=== Section Start ===

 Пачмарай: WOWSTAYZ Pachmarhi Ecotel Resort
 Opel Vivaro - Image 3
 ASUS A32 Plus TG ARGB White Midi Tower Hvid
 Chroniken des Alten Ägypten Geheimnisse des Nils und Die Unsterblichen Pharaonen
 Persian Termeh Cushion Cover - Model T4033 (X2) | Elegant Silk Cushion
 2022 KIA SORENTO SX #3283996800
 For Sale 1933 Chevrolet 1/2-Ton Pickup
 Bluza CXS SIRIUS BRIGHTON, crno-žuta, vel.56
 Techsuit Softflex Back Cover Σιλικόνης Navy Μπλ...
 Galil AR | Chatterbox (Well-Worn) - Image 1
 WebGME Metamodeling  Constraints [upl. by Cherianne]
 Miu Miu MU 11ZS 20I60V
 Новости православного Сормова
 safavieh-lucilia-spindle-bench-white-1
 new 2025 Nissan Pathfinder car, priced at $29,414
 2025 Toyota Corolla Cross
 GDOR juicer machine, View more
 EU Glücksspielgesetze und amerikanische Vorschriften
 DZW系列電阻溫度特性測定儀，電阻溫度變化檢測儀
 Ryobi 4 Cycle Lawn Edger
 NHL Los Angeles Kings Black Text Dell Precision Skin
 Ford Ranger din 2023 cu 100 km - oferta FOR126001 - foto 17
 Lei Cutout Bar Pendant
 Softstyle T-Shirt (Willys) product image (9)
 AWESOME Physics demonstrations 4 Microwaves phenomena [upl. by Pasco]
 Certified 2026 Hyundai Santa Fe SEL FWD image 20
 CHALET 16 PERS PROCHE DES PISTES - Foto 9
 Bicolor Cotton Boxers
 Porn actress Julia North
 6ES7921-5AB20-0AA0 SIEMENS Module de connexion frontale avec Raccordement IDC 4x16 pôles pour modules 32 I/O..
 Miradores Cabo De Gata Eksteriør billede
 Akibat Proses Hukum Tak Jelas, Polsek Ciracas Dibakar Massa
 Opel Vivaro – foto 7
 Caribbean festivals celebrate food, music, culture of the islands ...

=== Section End ===

◆ WORK TO BE COMPLETED ◆
Exact copies of the lines from the start of the data up to the line holding "NHL Los Angeles", both included, are all that is needed.

◆ RESPONSE BELOW ◆
 Пачмарай: WOWSTAYZ Pachmarhi Ecotel Resort
 Opel Vivaro - Image 3
 ASUS A32 Plus TG ARGB White Midi Tower Hvid
 Chroniken des Alten Ägypten Geheimnisse des Nils und Die Unsterblichen Pharaonen
 Persian Termeh Cushion Cover - Model T4033 (X2) | Elegant Silk Cushion
 2022 KIA SORENTO SX #3283996800
 For Sale 1933 Chevrolet 1/2-Ton Pickup
 Bluza CXS SIRIUS BRIGHTON, crno-žuta, vel.56
 Techsuit Softflex Back Cover Σιλικόνης Navy Μπλ...
 Galil AR | Chatterbox (Well-Worn) - Image 1
 WebGME Metamodeling  Constraints [upl. by Cherianne]
 Miu Miu MU 11ZS 20I60V
 Новости православного Сормова
 safavieh-lucilia-spindle-bench-white-1
 new 2025 Nissan Pathfinder car, priced at $29,414
 2025 Toyota Corolla Cross
 GDOR juicer machine, View more
 EU Glücksspielgesetze und amerikanische Vorschriften
 DZW系列電阻溫度特性測定儀，電阻溫度變化檢測儀
 Ryobi 4 Cycle Lawn Edger
 NHL Los Angeles Kings Black Text Dell Precision Skin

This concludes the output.